Your instructions :: Pictures in the listing should not be copied. Reproduce, word for word, each line from the one holding "Ảnh: Ngô Khắc Lịch Ảnh: Ngô Khắc Lịch" through the final line.

Records to use ::
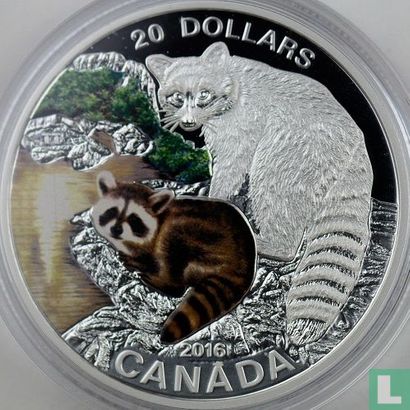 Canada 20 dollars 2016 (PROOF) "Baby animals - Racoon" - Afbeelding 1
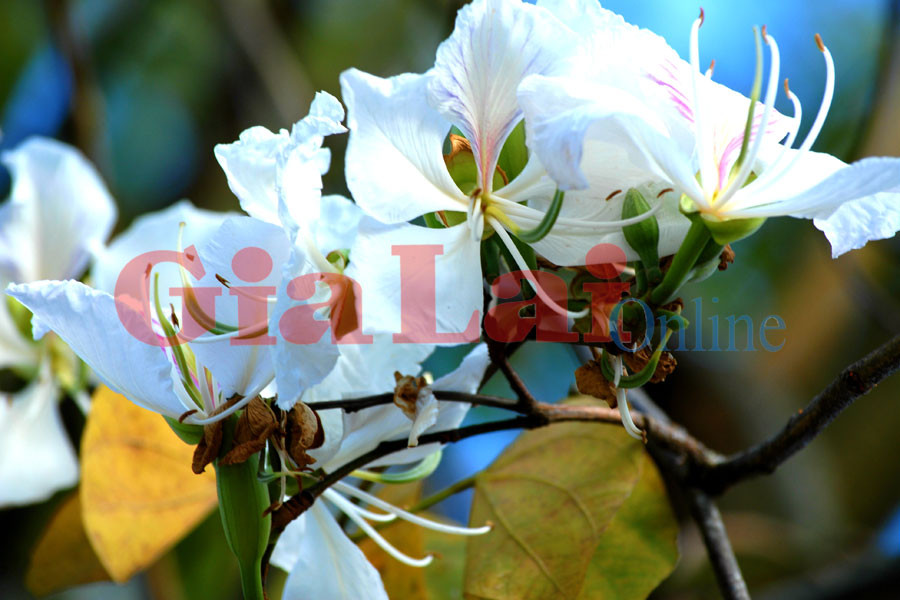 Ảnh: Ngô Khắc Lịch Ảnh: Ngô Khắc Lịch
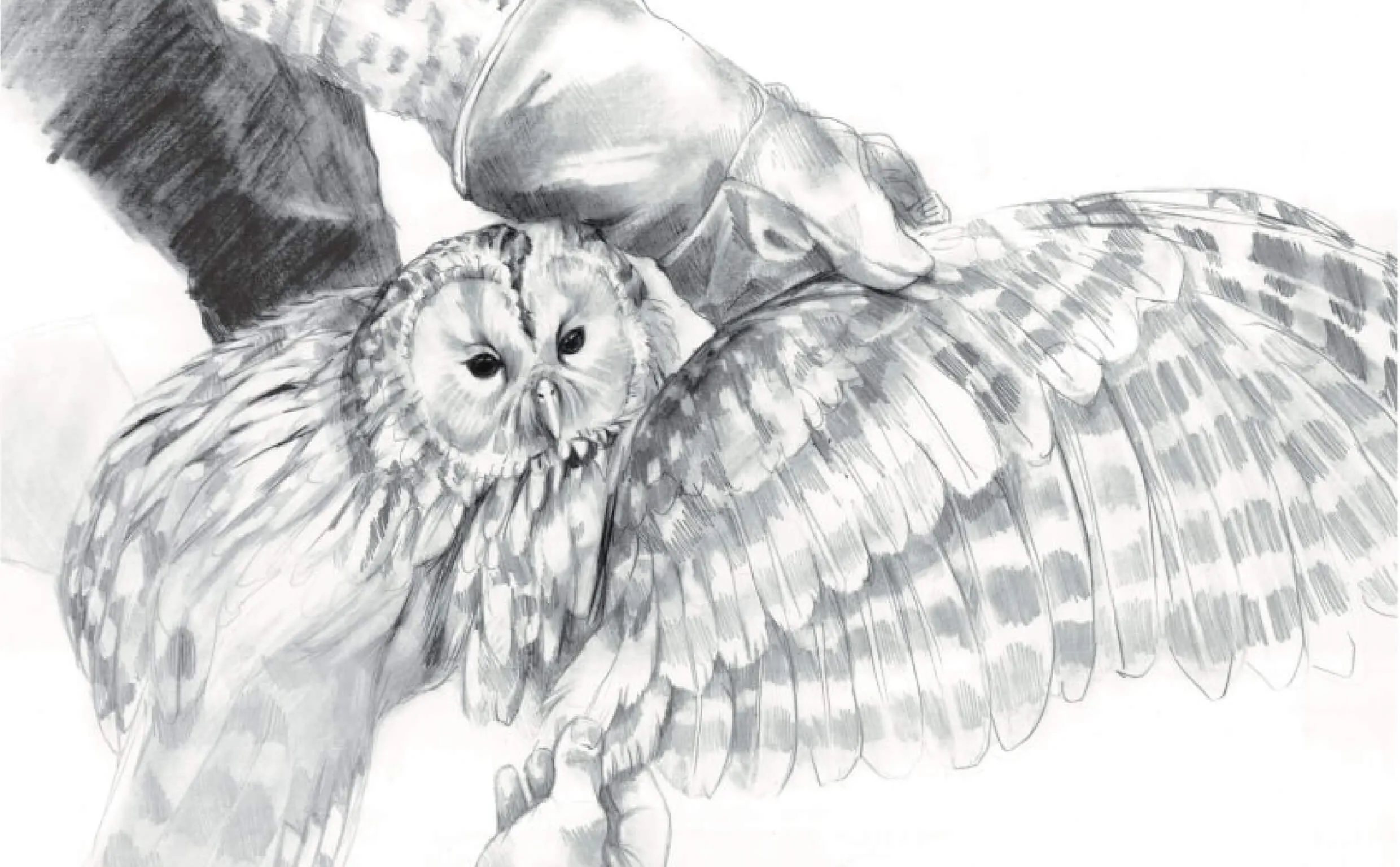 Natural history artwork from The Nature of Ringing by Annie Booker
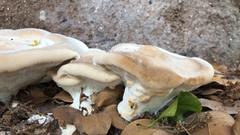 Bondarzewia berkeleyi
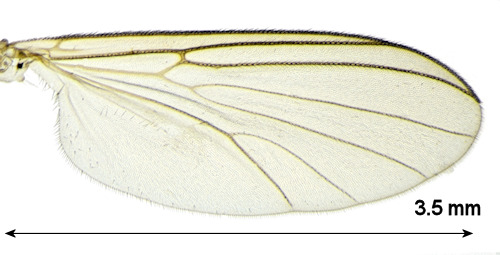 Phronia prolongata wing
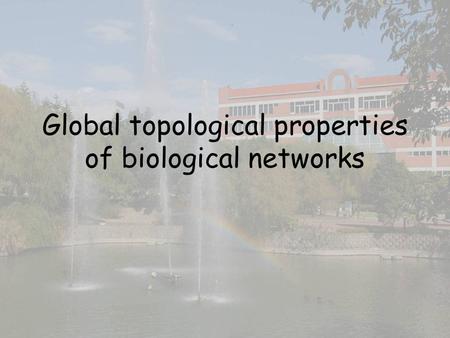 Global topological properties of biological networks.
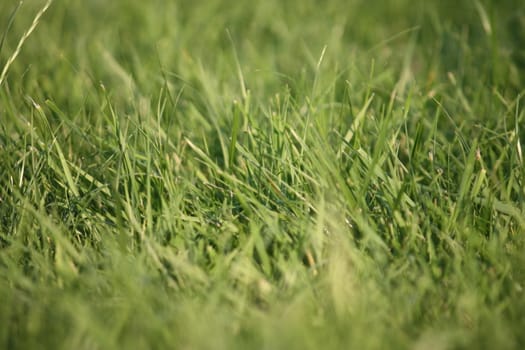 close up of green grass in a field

Task answer ::
 Ảnh: Ngô Khắc Lịch Ảnh: Ngô Khắc Lịch
 Natural history artwork from The Nature of Ringing by Annie Booker
 Bondarzewia berkeleyi
 Phronia prolongata wing
 Global topological properties of biological networks.
 close up of green grass in a field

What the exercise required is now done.